Stepan dragged the suitcases out one at a time. He blew the dust and debris from them, then brushed his clothes down and switched off his torch. They left the building carefully, trying to make as little noise as possible. Stepan even managed to close the front door silently behind them.

The streets were equally deserted on the way back to Anastasia Ivanovna’s house. What a lovely little town! thought Igor.

They put the suitcases on the floor in their room. Stepan wiped them with the cloth rag that served as a doormat.

‘We’ll have to leave early, before the market opens,’ Stepan said firmly.

‘Aren’t we going to see what’s inside?’ asked Igor.

‘We’ll open them up back at your place, when we can take our time over it. Let’s just concentrate on getting them there, for the time being.’

Igor was not inclined to argue. They had two hours left before sunrise. Stepan was already packing his rucksack. He paused and looked at his young companion.

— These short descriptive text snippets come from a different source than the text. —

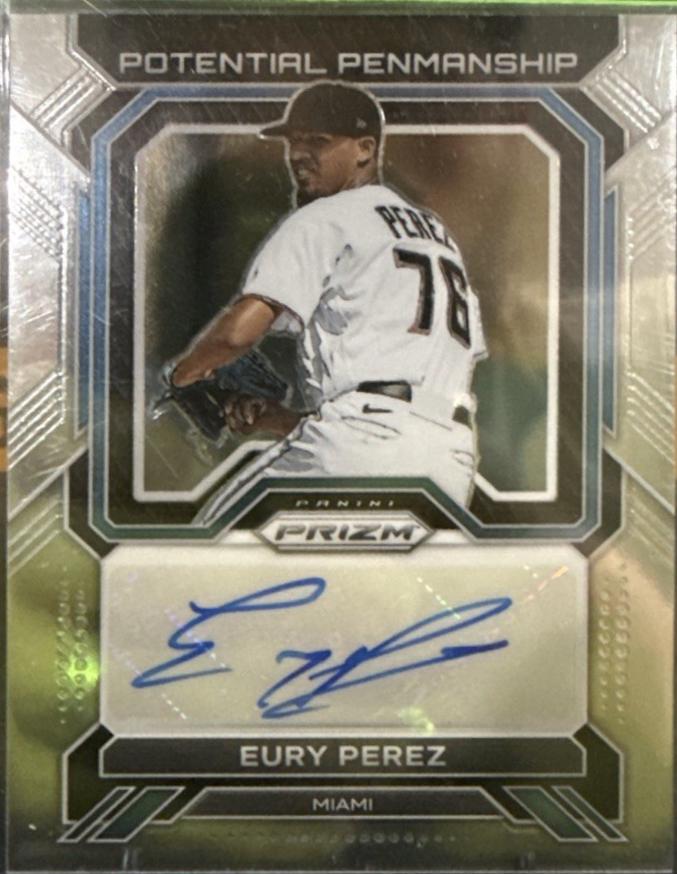 Eury Perez #PP-EP 2023 Panini Prizm Potential Penmanship Autographs Baseball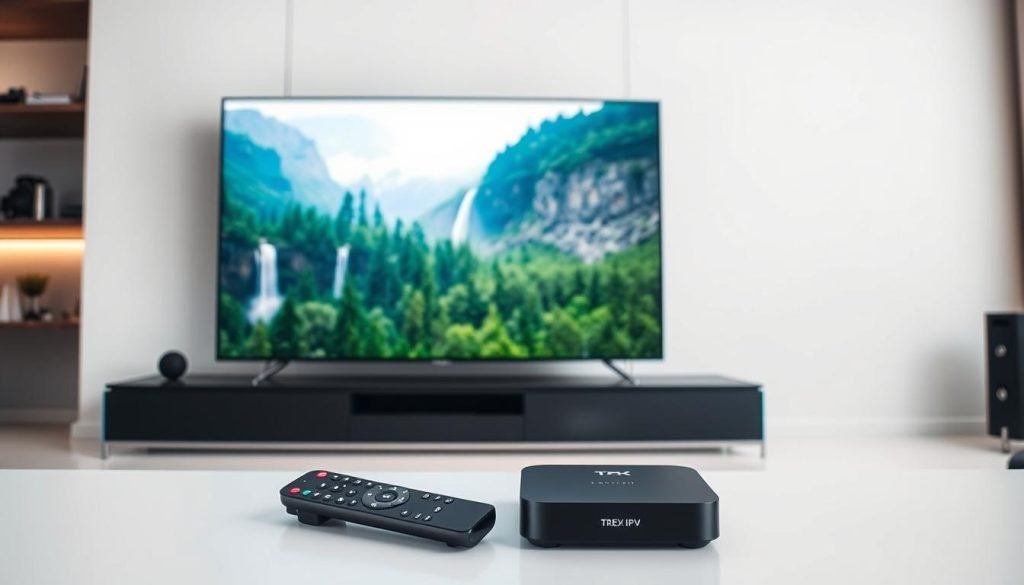 A 4K IPTV subscription service, showcased by the Trex IPTV brand. A large, vibrant TV screen dominates the center of the frame, displaying a crystal-clear 4K nature scene with lush forests and cascading waterfalls. The screen is positioned on a sleek, modern TV stand, surrounded by minimal, high-end home entertainment equipment. Soft, diffused lighting illuminates the scene, creating a warm, inviting atmosphere. In the foreground, a modern remote control and a Trex IPTV logo-branded streaming device are prominently displayed, emphasizing the seamless integration of technology. The overall composition conveys a sense of premium quality, advanced technology, and an immersive 4K streaming experience.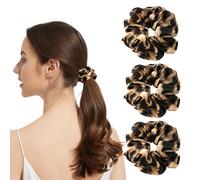 3 Pack Soft Hair Scrunchies, Leopard Elastics Hair Bobbles Satin Scrunchies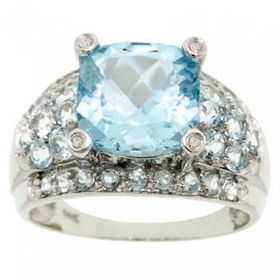 14KT White Gold Cocktail Ring Blue Topaz / Diamond Sz=7white 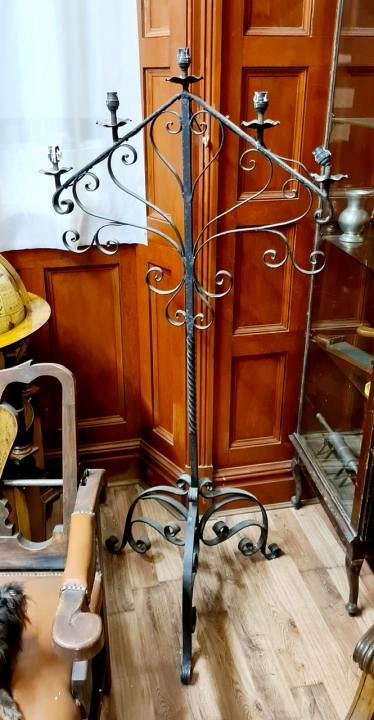 Floor-Standing Iron Candelabra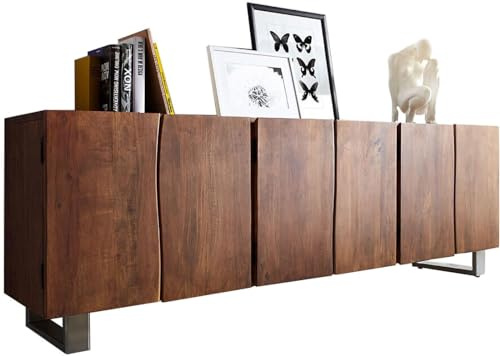 DELIFE Kommode Live-Edge Akazie Braun 220 cm 6 Türen Massivholz | Baumkante Sideboard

‘Put twenty hryvnas on the table,’ he said. ‘It wouldn’t hurt to leave a good impression.’

6

KIEV WELCOMED THE returning travellers with pouring rain. The sky hung dark and low over the train station. Wearing his rucksack on his back and carrying one of the old leather suitcases, Stepan walked briskly towards their suburban commuter train. Igor was carrying the other two suitcases as well as his own bag, and he struggled to keep up. At least the suitcases weren’t heavy. Though this did call into question the value of their contents.

The puddles in the streets of Irpen reflected the autumn sun. It had obviously rained there earlier in the day.

‘Let’s take a taxi,’ suggested Stepan, looking around. They were not exactly inconspicuous with their three large, old-fashioned suitcases. Igor also noticed a few passers-by looking at them in surprise.